小さなサイズながら力強い引きで人気ですが、果たしてそのうち何%が無事に成魚まで
成長できるのでしょうか?
今回は、自然界の厳しい現実とともに、メッキの生存率について解説します。
メッキとは?
・カスミアジ、ギンガメアジ、ロウニンアジ、オニヒラアジなどの幼魚を総称して「メッキ」と呼ぶ。
・秋に黒潮に乗って南紀地方の沿岸にやってくる。
・サイズは10〜20cm前後が中心で、ルアーや餌釣りでよく釣れる。
メッキの生存率はわずか「1%以下」
自然界では、産卵された卵から成魚に育つまでに生き残る確率は非常に低いです。
・産卵数は数十万〜数百万粒にのぼる。
・卵 → 仔魚 → 幼魚 → 成魚と成長する過程で、多くが捕食される。
・特に幼魚期はカマス、サワラ、ヒラメ、タチウオなどの捕食対象になりやすい。
研究や漁業データを参考にすると、成魚まで残れるのは0.1〜1%程度と考えられています。
南紀地方ならではの要因
・黒潮の影響で暖かい水温に恵まれているため、餌は豊富。
・一方で回遊魚(ブリ、サワラ、カマスなど)が多く、捕食圧も高い。
・そのため、南紀で釣れるメッキもほとんどは冬の寒さや捕食で淘汰され、翌年まで生き残る個体は少数。
成魚になるメッキの未来
・生き残ったわずかな個体は、やがて沖合へ移動して成長を続ける。
・ギンガメアジは群れで30〜50cmへ、ロウニンアジは数十kgの怪物サイズへ育つ。

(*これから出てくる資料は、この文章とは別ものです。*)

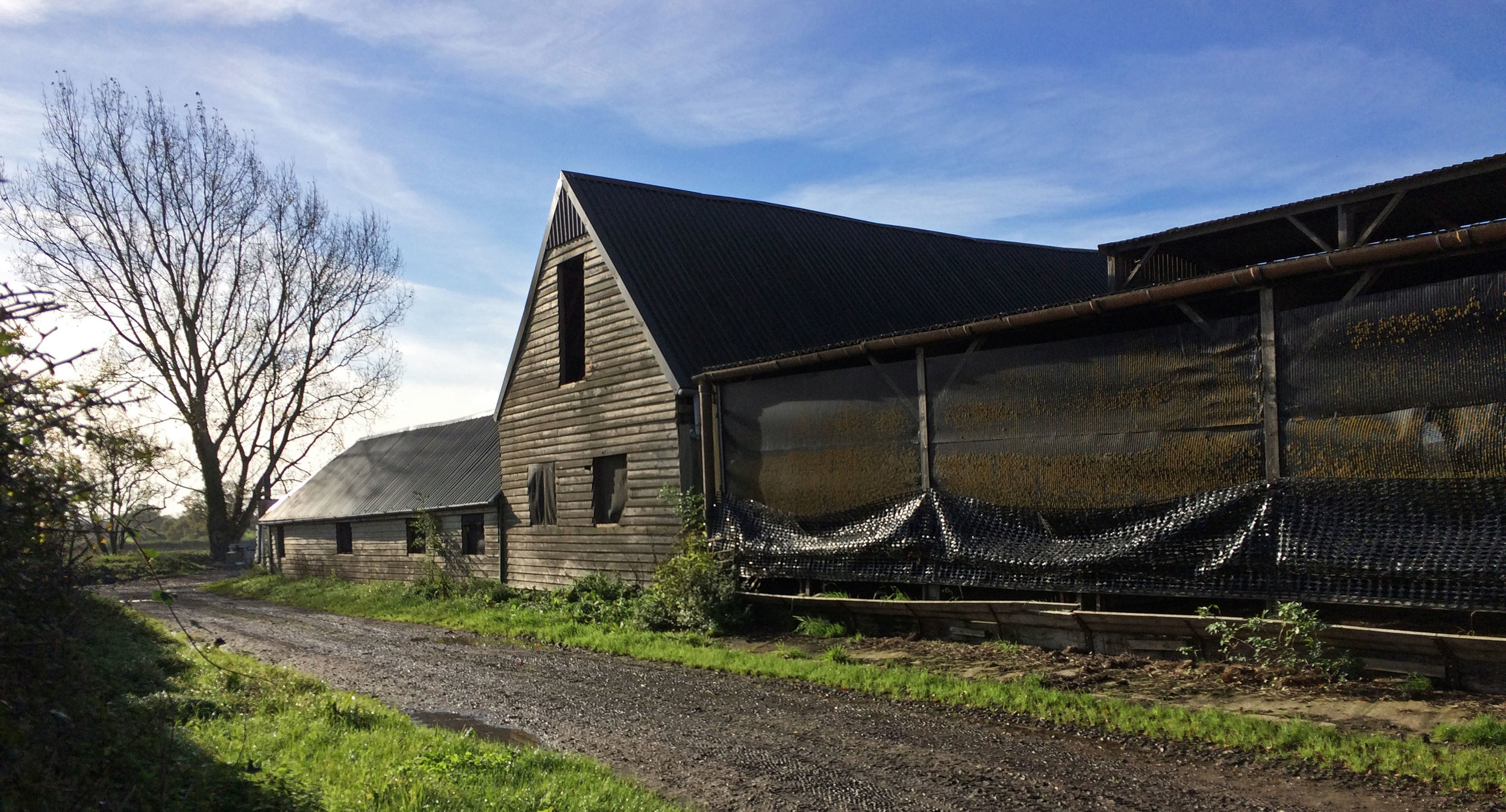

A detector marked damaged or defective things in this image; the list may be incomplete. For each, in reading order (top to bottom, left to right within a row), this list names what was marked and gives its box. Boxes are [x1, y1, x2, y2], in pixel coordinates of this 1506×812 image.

rusty metal pipe [694, 214, 1506, 381]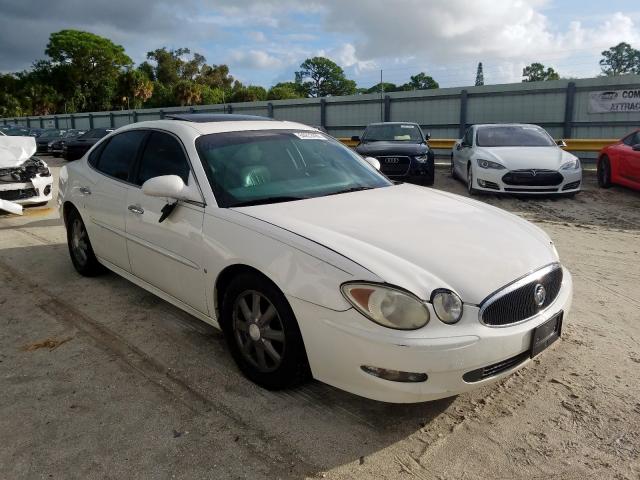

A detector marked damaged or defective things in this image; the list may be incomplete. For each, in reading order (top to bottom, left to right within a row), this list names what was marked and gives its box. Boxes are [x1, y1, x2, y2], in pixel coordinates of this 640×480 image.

damaged white car [0, 137, 53, 216]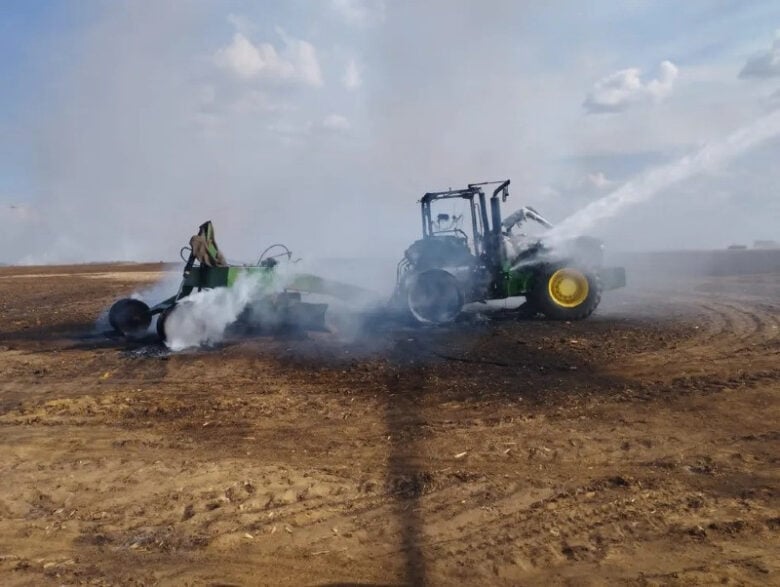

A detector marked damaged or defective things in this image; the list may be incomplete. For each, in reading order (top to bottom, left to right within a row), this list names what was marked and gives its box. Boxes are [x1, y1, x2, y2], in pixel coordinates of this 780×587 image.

・南紀で釣れる小さなメッキが、将来的には南洋の海で大物釣りの対象になるわけです。
まとめ
・南紀地方で釣れるメッキは、卵から成魚までの生存率は 0.1〜1%程度。
・捕食圧が高く、自然淘汰でほとんどが生き残れない。
・わずかに生き残った個体は外洋へ回遊し、大型のヒラアジ類へと成長する。
・「小さなメッキの群れの中に、未来のロウニンアジやオニヒラアジがいる」と考えると、釣りもより面白くなる。